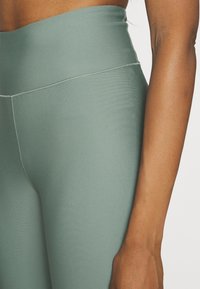 Högmidjade träningsleggings i en dämpad grön färg, med en slät textur, figurnära design och subtila sömdetaljer.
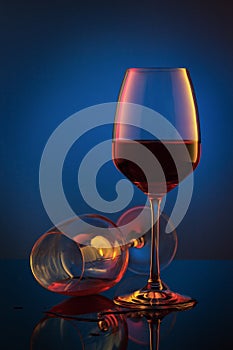 Coloful wineglass on table.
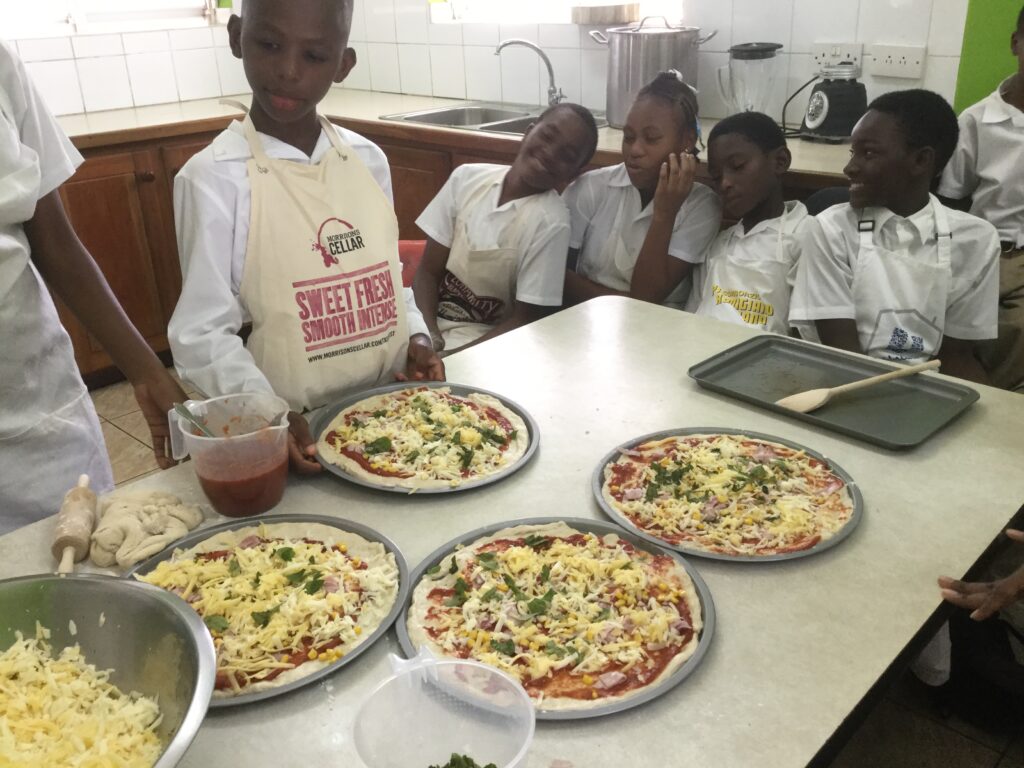 A student with four trays of pizza ready for the oven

────────────────────────────────────────

TASK DETAILS: Would it be possible to give the material above again exactly, with the pictures left out?

WRITTEN RESPONSE:
 Högmidjade träningsleggings i en dämpad grön färg, med en slät textur, figurnära design och subtila sömdetaljer.
 Coloful wineglass on table.
 A student with four trays of pizza ready for the oven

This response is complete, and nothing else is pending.